**Input data:**
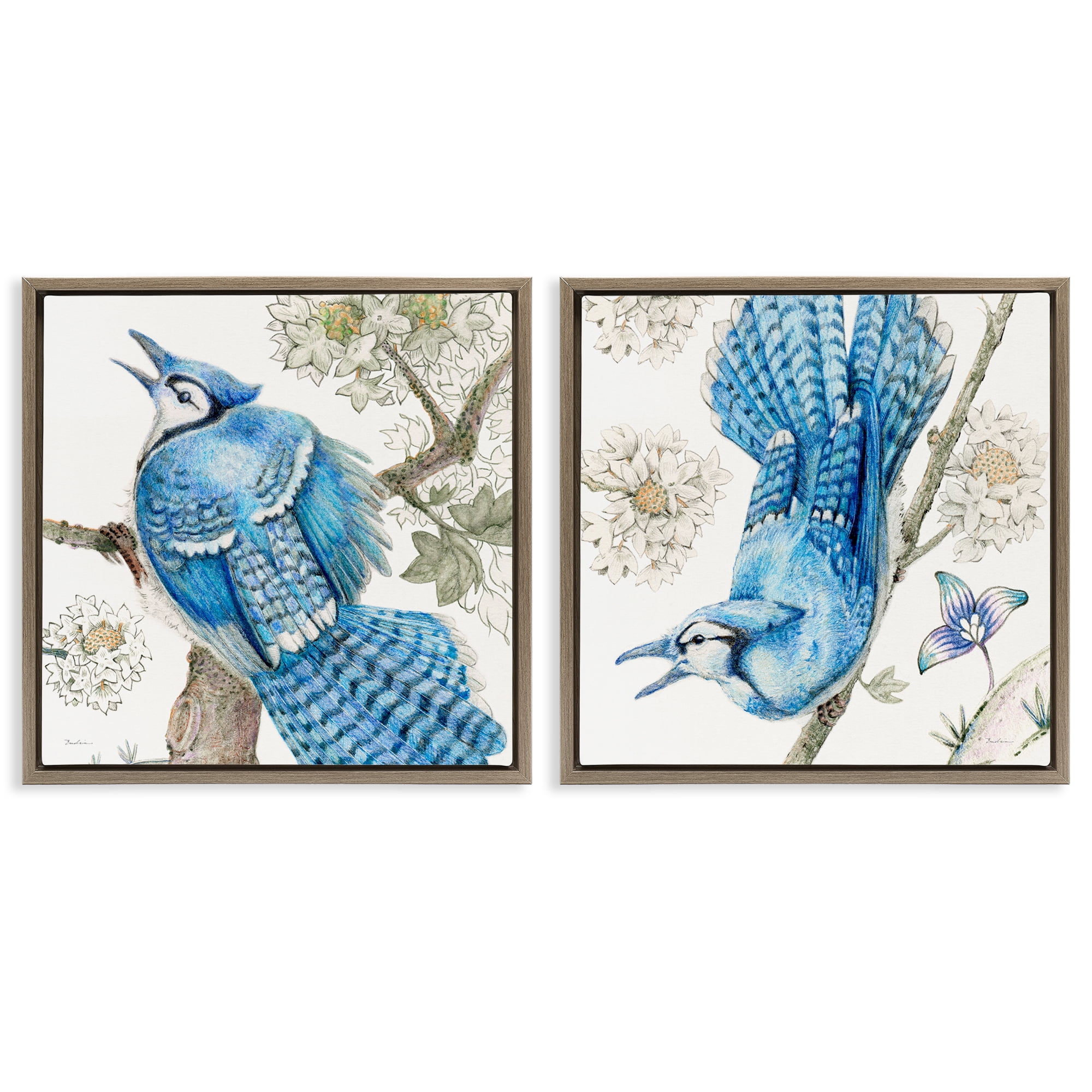 Stupell Industries Blue Jays with White Blossoms Animals Painting Brown Floater Framed Canvas Art Print Wall Art, 25 x 25, Set of 2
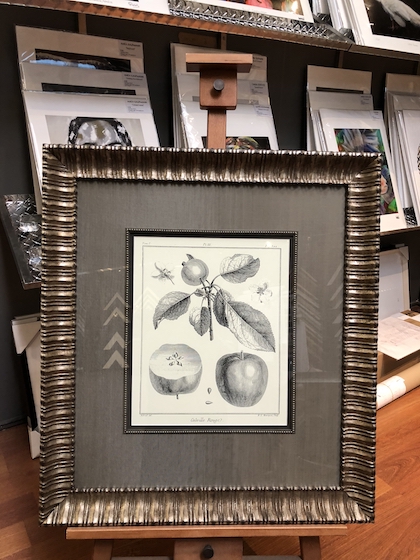 An antique print framed in a silver Bellini frame with double mat board surround and fillet with UV glass.
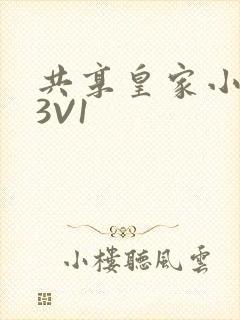 共享皇家小公主3V1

**Exercise details:**
Every line above is to be written out unchanged, with the pictures omitted.

**Written solution:**
 Stupell Industries Blue Jays with White Blossoms Animals Painting Brown Floater Framed Canvas Art Print Wall Art, 25 x 25, Set of 2
 An antique print framed in a silver Bellini frame with double mat board surround and fillet with UV glass.
 共享皇家小公主3V1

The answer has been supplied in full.